# Web Scraping Fundamentals and Data Acquisition with Scrapy

## HTML (Hypertext Markup Language)

HTML is the standard markup language for creating Web pages. Its elements tell the browser how to display the content. 

HTML **tags** are element names surrounded by angle brackets:
`<tag_name>content.....</tag_name>`

For instance, HTML links are defined with the `<a>` tag. 

`<a href="https://www.google.com">This is a link</a>`

<a href="https://www.google.com">This is a link</a>

**Attributes** are used to provide additional information about HTML elements. The link's destination above is specified in the _href_ attribute. 

The `style` attribute is used to specify the styling of an element, like color, font, size etc.
`<p style="color:red">Paragraph in red..</p>`

<p style="color:red">Paragraph in red</p>

Some attributes that are particularly important for web scraping are:
- `class`: The HTML class attribute is used to define equal styles for elements with the same class name. All HTML elements with the same class attribute will get the same style.
- `id`: The id attribute specifies a unique id for an HTML element.
- `href`: Hyperlink url (important for web-crawling).

An HTML element can only have one unique id that belongs to that single element, while a class name can be used by multiple elements.

[source](https://www.w3schools.com/html/default.asp)

## XPath Notation

XPath uses a path notation (as in URLs) for navigating through the hierarchical structure of an XML document. It uses a non-XML syntax so that it can be used in URIs and XML attribute values.

Expression|Description
-|-
`/`|Selects from the root node
`//`|Selects nodes in the document from the current node that match the selection no matter where they are
`.`|Selects the current node
`..`|Selects the parent of the current node
`@`|Selects attributes
`*`|Wildcard

- `xpath = '/html/body/div[2]/p'`: Specific paragraph element
- `xpath = '//p'`: All paragraph elements
- `xpath = '//div[@id="uid"]'`: Looks at all `div` elements for the case that attribute `id` equals `uid`.
- `xpath = '//*[@id="div3"]/p'`: Select the paragraph element with the id "div3"
- `xpath = '//p[@id="p1"]/a/@href'`: Select url from an `a` tag.

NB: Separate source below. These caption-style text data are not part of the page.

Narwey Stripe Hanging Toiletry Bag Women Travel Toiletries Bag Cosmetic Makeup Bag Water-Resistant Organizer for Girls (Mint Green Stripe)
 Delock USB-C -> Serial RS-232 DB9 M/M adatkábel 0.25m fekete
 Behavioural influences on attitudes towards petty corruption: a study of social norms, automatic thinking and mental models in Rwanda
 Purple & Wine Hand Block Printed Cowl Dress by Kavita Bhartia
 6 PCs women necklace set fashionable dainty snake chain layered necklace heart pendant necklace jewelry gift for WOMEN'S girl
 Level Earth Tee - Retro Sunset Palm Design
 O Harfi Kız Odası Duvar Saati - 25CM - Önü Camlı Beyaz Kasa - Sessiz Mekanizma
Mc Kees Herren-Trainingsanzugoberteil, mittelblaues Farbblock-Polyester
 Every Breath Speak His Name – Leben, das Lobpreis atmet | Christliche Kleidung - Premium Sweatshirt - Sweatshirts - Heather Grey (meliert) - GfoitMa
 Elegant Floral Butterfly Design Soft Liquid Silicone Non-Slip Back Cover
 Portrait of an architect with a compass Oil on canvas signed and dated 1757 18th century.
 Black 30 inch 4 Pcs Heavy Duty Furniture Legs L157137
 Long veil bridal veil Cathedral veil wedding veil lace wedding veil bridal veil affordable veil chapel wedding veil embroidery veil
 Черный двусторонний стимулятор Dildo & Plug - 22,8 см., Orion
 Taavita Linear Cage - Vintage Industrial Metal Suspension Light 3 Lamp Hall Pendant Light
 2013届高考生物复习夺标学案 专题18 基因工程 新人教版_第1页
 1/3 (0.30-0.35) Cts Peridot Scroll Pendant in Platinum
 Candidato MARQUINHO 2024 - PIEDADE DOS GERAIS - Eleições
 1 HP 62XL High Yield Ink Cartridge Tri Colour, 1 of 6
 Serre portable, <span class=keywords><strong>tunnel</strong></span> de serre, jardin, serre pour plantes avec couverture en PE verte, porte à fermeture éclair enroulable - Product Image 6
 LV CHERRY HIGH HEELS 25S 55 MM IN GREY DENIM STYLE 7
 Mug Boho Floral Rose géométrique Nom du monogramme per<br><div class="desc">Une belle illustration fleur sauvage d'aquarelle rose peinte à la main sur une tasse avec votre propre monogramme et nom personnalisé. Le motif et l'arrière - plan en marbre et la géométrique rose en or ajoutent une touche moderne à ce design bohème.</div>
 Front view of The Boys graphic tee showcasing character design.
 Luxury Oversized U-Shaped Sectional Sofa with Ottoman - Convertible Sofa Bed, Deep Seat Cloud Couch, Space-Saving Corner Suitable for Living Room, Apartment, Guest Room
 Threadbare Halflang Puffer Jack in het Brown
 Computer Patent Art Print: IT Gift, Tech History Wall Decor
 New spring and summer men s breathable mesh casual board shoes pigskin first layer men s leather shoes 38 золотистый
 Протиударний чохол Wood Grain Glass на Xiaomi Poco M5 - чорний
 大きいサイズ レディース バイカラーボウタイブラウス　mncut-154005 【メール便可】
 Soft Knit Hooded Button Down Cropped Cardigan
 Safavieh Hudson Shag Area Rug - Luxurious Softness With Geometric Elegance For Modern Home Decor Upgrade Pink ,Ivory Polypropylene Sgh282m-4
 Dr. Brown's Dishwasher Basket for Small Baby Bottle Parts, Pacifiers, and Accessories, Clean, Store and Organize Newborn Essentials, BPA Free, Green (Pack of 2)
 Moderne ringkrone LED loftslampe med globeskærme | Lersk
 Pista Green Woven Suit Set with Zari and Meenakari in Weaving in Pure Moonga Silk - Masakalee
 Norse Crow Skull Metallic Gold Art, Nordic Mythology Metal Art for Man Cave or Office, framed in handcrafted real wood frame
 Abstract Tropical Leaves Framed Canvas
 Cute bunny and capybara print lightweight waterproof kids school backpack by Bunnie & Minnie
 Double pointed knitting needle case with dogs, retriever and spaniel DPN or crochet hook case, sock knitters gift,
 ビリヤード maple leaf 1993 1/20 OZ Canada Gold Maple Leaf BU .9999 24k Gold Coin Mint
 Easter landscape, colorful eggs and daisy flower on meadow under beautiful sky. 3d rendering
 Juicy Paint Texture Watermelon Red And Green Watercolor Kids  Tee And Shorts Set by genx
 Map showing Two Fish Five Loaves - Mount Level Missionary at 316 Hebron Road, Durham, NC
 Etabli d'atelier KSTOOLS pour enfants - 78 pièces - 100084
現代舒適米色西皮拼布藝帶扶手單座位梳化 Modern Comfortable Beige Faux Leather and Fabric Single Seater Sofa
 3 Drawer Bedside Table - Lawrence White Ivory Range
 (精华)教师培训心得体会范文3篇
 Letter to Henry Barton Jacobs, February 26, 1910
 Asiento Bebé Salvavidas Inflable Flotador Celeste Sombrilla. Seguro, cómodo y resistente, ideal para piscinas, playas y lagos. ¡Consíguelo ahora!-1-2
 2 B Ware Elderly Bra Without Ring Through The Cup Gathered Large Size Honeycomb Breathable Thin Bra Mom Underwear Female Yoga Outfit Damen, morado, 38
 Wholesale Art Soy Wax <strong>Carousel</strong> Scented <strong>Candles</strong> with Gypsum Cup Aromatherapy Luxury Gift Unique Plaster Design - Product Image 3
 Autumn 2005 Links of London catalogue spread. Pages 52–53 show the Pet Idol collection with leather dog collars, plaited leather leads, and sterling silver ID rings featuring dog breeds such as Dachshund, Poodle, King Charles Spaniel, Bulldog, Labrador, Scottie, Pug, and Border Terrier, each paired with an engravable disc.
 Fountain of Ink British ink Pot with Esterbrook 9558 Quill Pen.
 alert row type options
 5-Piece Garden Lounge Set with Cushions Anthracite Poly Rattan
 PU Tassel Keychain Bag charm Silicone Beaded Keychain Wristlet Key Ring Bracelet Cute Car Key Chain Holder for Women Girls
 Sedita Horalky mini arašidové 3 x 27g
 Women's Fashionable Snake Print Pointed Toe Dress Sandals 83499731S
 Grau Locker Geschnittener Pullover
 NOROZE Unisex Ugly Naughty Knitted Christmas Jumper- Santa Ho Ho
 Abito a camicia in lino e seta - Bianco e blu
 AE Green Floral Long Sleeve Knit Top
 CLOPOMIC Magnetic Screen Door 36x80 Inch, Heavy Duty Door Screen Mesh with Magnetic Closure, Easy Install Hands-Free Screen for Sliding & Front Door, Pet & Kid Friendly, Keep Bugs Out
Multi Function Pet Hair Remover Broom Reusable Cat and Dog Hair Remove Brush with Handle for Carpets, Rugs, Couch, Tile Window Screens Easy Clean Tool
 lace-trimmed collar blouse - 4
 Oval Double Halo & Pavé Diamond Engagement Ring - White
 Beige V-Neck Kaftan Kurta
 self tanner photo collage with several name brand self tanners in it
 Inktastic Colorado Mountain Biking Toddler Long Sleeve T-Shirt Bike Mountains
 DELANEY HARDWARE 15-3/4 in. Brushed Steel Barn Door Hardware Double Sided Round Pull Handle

`/html/body/*` selects all elements one generation below the body element without concern of the tag type, it selects all children of the body element. On the other hand, `/html/body//*` selects all elements from all future generations of the body element (that is, all descendants of the body) regardless of tag type.

## Scrapy

Scrapy is an application framework for crawling web sites and extracting structured data which can be used for a wide range of useful applications, like data mining, information processing or historical archival. It can be used for large scale web scraping.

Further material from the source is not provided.